PROVIDED MATERIAL:
────────────────────────────────────────
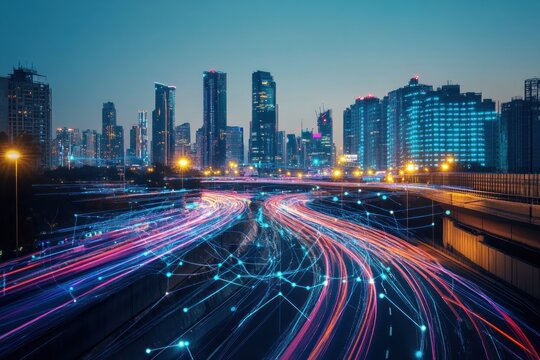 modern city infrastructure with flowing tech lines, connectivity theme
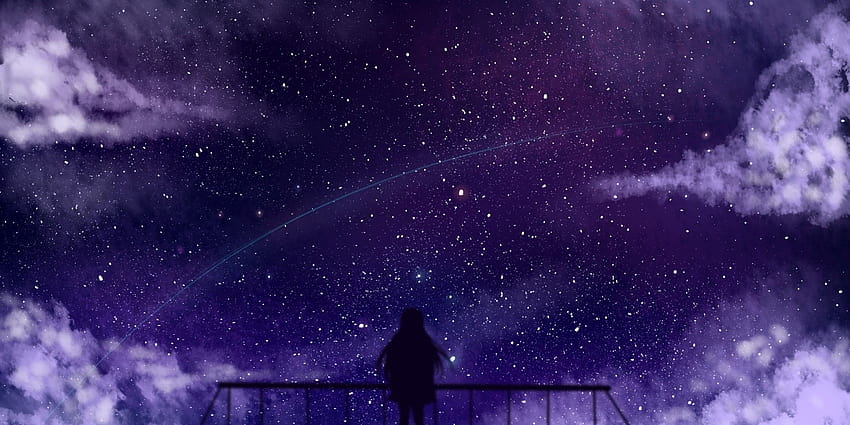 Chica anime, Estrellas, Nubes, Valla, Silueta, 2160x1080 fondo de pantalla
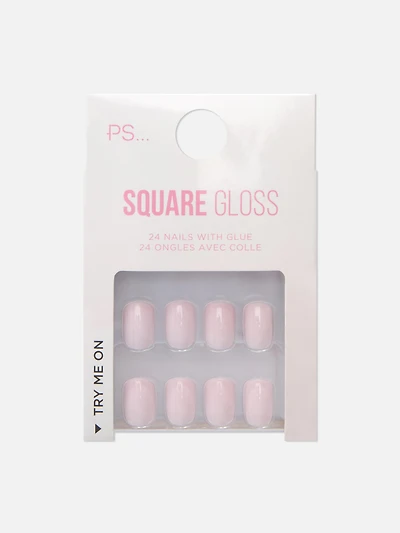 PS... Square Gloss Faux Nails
────────────────────────────────────────
All of the material goes into the answer exactly as it stands, except for the pictures.

SOLVED EXERCISE:
 modern city infrastructure with flowing tech lines, connectivity theme
 Chica anime, Estrellas, Nubes, Valla, Silueta, 2160x1080 fondo de pantalla
 PS... Square Gloss Faux Nails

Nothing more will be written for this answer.